- The paper presents a comprehensive dataset with over 10K manually annotated triplets to advance instruction-guided image editing.
- It outlines a robust crowdsourcing methodology using Amazon Mechanical Turk to ensure diverse and high-quality editing sessions.
- Experiment results show fine-tuned InstructPix2Pix outperforms baselines in both mask-free and mask-provided scenarios with superior metrics.
MagicBrush: A Detailed Exploration of Instruction-Guided Image Editing
Introduction to MagicBrush
MagicBrush is introduced as the first large-scale, manually annotated dataset specifically created for instruction-guided real image editing. It was designed to cover a diverse range of scenarios, including single-turn, multi-turn, mask-provided, and mask-free editing. The dataset comprises over 10,000 manually annotated triplets (source image, instruction, target image) and seeks to overcome the limitations of existing methods, which often rely on zero-shot capabilities or synthetic datasets laden with noise. This new dataset supports the training of large-scale text-guided image editing models and demonstrates superior performance when fine-tuning state-of-the-art models like InstructPix2Pix.

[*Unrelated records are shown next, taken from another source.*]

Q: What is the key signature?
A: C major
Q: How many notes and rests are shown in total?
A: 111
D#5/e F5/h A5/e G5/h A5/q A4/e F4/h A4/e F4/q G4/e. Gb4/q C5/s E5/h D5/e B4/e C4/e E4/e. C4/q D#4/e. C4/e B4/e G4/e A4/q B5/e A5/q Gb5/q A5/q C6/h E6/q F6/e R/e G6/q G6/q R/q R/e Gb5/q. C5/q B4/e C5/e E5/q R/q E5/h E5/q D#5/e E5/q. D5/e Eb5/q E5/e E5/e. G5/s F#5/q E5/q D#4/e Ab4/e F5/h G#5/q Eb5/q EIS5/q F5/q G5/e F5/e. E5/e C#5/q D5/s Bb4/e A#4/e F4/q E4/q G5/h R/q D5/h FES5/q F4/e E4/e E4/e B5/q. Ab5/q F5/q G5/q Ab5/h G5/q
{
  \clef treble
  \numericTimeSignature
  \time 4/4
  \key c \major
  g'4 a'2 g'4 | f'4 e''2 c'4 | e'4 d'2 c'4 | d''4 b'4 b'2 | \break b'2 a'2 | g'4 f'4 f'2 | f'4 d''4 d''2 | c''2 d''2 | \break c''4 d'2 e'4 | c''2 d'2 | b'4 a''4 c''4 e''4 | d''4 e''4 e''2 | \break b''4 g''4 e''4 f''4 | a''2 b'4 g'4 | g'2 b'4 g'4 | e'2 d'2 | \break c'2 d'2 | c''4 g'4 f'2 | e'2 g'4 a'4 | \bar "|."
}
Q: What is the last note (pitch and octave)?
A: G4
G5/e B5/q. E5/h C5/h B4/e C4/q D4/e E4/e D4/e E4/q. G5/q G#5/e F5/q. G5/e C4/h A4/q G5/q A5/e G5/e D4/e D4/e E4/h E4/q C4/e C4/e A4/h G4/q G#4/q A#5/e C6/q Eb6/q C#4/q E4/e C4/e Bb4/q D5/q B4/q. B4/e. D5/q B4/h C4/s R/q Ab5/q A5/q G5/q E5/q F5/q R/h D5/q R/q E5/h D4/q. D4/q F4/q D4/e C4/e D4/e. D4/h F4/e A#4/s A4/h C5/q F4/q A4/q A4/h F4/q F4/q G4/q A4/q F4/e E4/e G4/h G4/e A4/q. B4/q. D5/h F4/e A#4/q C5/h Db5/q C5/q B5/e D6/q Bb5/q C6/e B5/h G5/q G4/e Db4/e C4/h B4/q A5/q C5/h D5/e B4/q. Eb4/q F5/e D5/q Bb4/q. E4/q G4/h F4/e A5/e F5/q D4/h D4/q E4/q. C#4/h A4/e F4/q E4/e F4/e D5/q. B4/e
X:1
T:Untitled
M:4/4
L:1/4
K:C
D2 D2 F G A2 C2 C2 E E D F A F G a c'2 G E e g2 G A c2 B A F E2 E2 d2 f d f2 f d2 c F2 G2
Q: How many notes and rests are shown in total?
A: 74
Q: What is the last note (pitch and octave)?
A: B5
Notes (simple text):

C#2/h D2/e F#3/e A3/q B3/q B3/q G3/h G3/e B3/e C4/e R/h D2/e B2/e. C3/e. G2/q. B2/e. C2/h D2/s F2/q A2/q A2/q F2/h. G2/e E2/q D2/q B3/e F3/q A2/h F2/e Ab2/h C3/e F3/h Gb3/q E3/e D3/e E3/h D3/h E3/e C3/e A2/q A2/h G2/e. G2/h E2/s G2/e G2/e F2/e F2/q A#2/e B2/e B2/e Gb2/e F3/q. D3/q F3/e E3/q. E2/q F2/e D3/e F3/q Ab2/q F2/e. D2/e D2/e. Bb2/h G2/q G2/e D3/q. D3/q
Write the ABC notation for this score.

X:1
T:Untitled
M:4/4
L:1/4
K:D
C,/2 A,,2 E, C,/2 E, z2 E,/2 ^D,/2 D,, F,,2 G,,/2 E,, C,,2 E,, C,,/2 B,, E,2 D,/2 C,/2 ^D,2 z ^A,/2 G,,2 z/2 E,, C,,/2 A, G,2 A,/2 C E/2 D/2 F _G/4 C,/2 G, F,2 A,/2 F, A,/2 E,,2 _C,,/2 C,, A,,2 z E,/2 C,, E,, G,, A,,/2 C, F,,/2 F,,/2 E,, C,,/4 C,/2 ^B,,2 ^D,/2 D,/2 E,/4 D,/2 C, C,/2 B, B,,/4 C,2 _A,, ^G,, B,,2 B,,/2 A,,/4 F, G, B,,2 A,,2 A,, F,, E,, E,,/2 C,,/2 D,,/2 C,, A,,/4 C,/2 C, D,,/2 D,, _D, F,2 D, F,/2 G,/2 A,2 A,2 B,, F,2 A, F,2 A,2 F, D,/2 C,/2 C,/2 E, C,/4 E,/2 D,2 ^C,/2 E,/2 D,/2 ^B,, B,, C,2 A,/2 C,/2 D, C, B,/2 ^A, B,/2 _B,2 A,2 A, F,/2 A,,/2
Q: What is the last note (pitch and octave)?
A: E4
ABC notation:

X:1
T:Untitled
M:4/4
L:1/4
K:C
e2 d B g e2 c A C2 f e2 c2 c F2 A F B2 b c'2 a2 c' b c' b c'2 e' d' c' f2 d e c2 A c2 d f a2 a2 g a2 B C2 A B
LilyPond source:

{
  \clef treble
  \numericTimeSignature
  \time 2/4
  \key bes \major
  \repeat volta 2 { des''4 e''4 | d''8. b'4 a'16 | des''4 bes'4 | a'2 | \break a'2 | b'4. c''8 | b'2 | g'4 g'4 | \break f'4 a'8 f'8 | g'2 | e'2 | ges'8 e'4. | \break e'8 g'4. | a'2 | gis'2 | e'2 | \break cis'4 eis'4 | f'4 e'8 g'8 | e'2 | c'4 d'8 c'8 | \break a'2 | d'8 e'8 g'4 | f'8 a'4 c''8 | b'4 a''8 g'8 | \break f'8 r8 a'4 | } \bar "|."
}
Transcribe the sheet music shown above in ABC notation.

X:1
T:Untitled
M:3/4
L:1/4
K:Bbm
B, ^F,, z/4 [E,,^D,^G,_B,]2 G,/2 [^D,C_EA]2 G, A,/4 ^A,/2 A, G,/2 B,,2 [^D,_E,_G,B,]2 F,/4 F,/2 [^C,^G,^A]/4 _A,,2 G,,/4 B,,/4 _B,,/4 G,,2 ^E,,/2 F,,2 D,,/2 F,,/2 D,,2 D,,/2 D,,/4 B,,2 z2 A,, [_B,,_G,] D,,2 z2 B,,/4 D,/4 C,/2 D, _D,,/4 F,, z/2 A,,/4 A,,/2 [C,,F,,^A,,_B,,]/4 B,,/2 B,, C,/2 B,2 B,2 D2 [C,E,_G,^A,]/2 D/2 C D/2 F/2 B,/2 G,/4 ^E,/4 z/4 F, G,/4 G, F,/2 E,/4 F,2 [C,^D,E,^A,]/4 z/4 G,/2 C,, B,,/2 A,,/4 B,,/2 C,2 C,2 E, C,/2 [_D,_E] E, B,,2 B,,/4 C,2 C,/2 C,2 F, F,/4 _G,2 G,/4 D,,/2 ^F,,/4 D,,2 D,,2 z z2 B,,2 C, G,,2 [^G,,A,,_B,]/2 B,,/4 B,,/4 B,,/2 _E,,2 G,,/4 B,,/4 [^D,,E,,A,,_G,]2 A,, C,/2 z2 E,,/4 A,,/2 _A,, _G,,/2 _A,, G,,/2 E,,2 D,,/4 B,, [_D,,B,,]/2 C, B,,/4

Figure 1: MagicBrush provides 10K manually annotated real image editing triplets (source image, instruction, target image), supporting both single-turn and multi-turn instruction-guided editing.
Dataset Creation and Annotation Workflow
MagicBrush was constructed using a detailed crowdsourcing workflow executed on the Amazon Mechanical Turk platform. Initially, source images were carefully selected from the MS COCO dataset, emphasizing diversity across multiple object classes while mitigating over-representation issues, such as the prevalence of the person category. A three-stage workflow ensures high-quality annotations:
- Worker Selection and Training: Workers were trained rigorously, passing several qualifying rounds including quizzes and manual grading.
- Interactive Image Editing: Workers provided edit instructions and engaged interactively with the DALL-E 2 image editing platform. The process involved iterative trials with varied prompts and hyperparameters to achieve desired image outputs.
- Quality Control: Generated images underwent manual spot-checks for consistency and naturalness. Improperly edited sessions were eliminated to maintain dataset integrity.
The dataset comprises 5,313 sessions and 10,388 editing turns, supporting various scenarios. Furthermore, the inclusion of instructions in natural language allows for flexible interactions, such as iterative image edits.
Figure 2: The three-stage crowdsourcing workflow designed for dataset construction.
Figure 3: Top 20 object class distribution.
Evaluation and Experiments
MagicBrush's effectiveness was validated through extensive quantitative, qualitative, and human evaluations.
Quantitative Analysis
Several baselines, including Open-Edit, VQGAN-CLIP, and SD-SDEdit, were evaluated. Two main scenarios were considered—mask-free and mask-provided editing, further divided into single-turn and multi-turn settings:
Human Evaluation
Human evaluators assessed edited images through multi-choice comparisons, one-on-one comparisons, and individual evaluations based on a 5-point Likert scale.
- Multi-choice Comparison: Fine-tuned InstructPix2Pix achieved superior performance across both consistency and image quality aspects.
- One-on-One Comparison: Consistent results showed InstructPix2Pix, fine-tuned on MagicBrush, outclassed both strong baselines and the original model.
- Individual Evaluation: The 5-point scale further confirmed the superior performance of the fine-tuned model.
Implications and Future Directions
MagicBrush establishes a new benchmark for instruction-guided image editing, facilitating the development of more refined models that cater to real-world needs. The dataset helps bridge the gap between current methods and user expectations by enhancing image-editing models' precision, consistency, and overall quality of output. Future endeavors should focus on developing advanced models and evaluation metrics that align even better with human preferences.
The MagicBrush dataset is a critical advancement towards sophisticated, user-friendly image editing solutions in real-world applications, opening new avenues for development in instruction-following AI systems.